Gesù, nelle sue parabole, ha relativizzato al massimo la stessa idea di regno di Dio: è un granellino, una moneta nascosta sotto un mobile, un regno in mezzo a noi. E, guardandosi bene dal pronunciare la parola “religione”, ci ha detto che nel vero regno si entra solo mediante la fede. Ma anche di questa non ci ha dato alcuna definizione. Ci ha solamente spiegato che essa è contenuta soprattutto nel rapporto fraterno tra gli uomini. E che quindi il migliore culto che possiamo rendere a Dio è aiutare il prossimo, amare gli altri, perdonare i nemici, praticare una giustizia uguale per tutti. Ci ha anche detto che la morte è stata vinta e che quindi l’uomo è libero di decidere il proprio destino.
Nel Vangelo di Giovanni, l’ultima parola che il Cristo pronuncia suona così: “Tutto è compiuto”. Neanche morire è stato per lui un fatto passivo: significava compiere, portare a termine qualche cosa, eseguire, adempiere. Come ci ricordano da sempre gli esegeti più intelligenti, prima della sua passione e morte Gesù ha condotto proprio una bella vita. Se prendiamo sul serio il racconto dei Vangeli, i giorni della predicazione del Cristo non sono stati mai malinconici né per lui, né per i discepoli e neanche per quelli che lo ascoltavano con scetticismo. E le conseguenze effettive ed affettive di quello che insegnava ai suoi seguaci non erano mai tinte, come è facile avvertire invece nelle vite di altri “fondatori”di religioni, di manierismo. Parlava senza alcun tipo di “morbidezza”. E quando si riferiva agli stati d’animo collettivi della religiosità del suo tempo (gli ebrei si sentivano, giustamente, oppressi dai romani e dai pagani), non amava i colori decadenti dell’autunno e tanto meno quelli rattristanti dell’inverno. Nei Vangeli Gesù ci parla della luce dell’estate, dell’imminente raccolto, di donne colte dalle doglie del parto.

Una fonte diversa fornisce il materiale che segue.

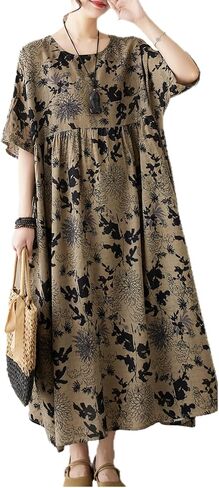 Ellazhu المرأة الصيفية قصيرة الأكمام maxi الطول الصلبة colord الأزهار المطبوعة المطبوعة فستان ga2677 in Saudi Arabia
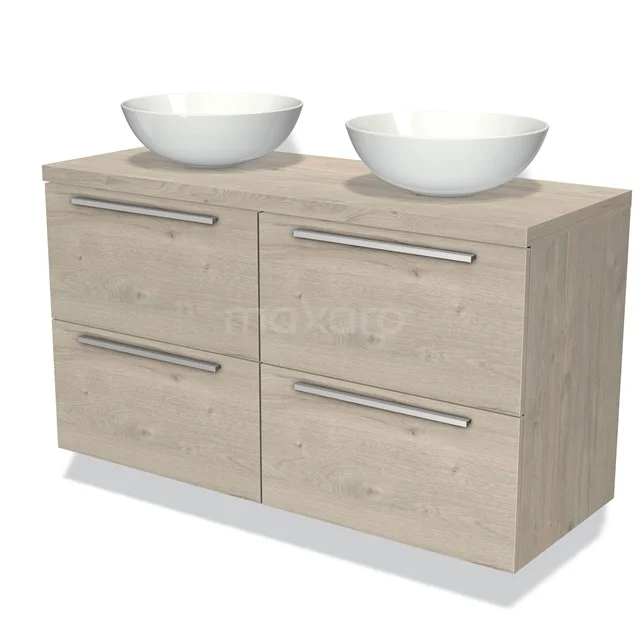 Wooden bathroom unit with 4 drawers, light wood colour, 2 white oval countertop wash basins and metal handles, modern design.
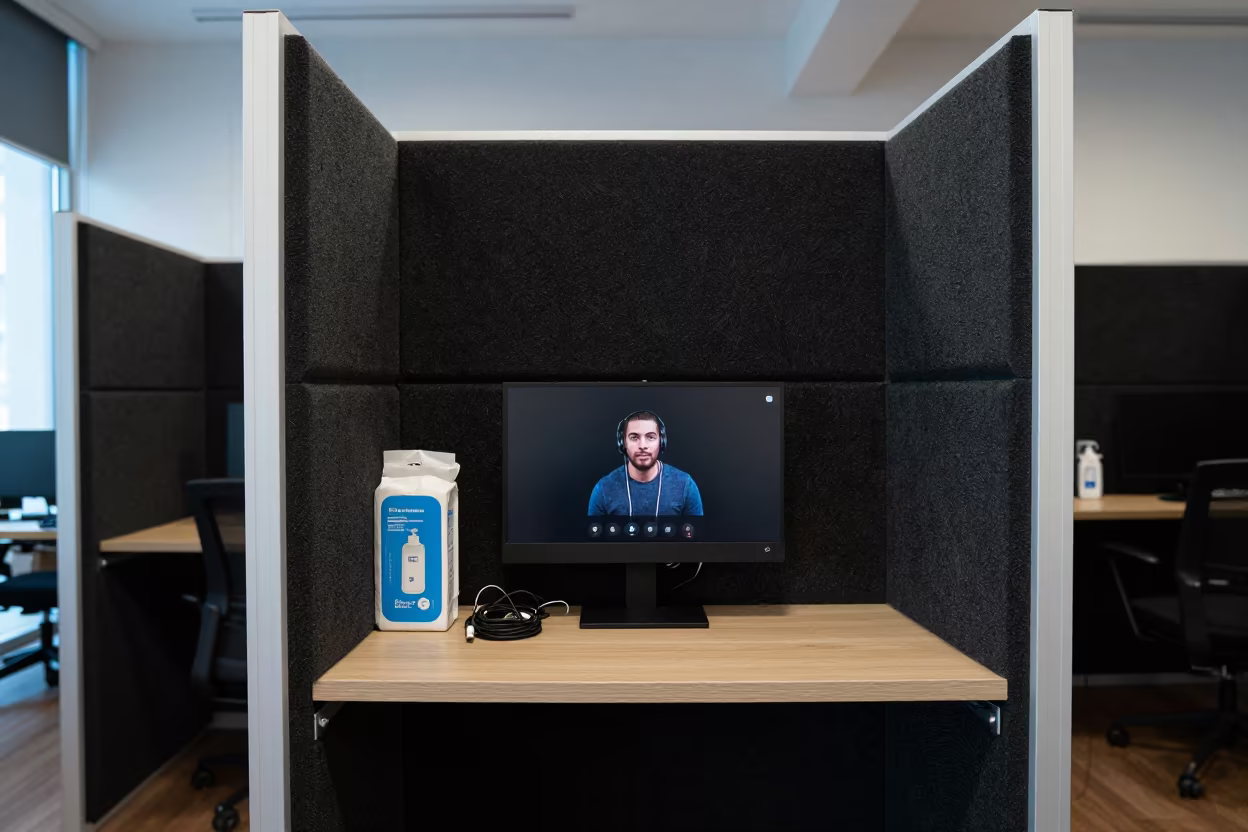 Quiet Video Call Booth in Lusaka Coworking Space in inside a coworking floor near Lusaka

Per lui l’importante era osservare attentamente il processo del divenire dell’uomo e della storia: tutto segue il suo corso, il grano matura, una donna sta per partorire. Il nuovo nasce sempre, la vita trionfa. E niente, dal punto di vista iconografico, è mai riuscito ad insegnarci tutto questo meglio del Crocifisso. Stiamo parlando di una tradizione artistica, quella cristiana, che rappresenta l’80% di quella prodotta negli ultimi duemila anni in tutto il mondo. È dal IV secolo dopo Cristo che i cristiani vedono nella Croce la rappresentazione più leggibile più duratura e più popolare di quello che il Cristo ci ha detto sul vivere e sul morire. E fino a quando vita e morte saranno ancora in mano alla follia di chi crede di onorare l’Assoluto disprezzando l’Umano, il Crocifisso avrà ancora molto da dire.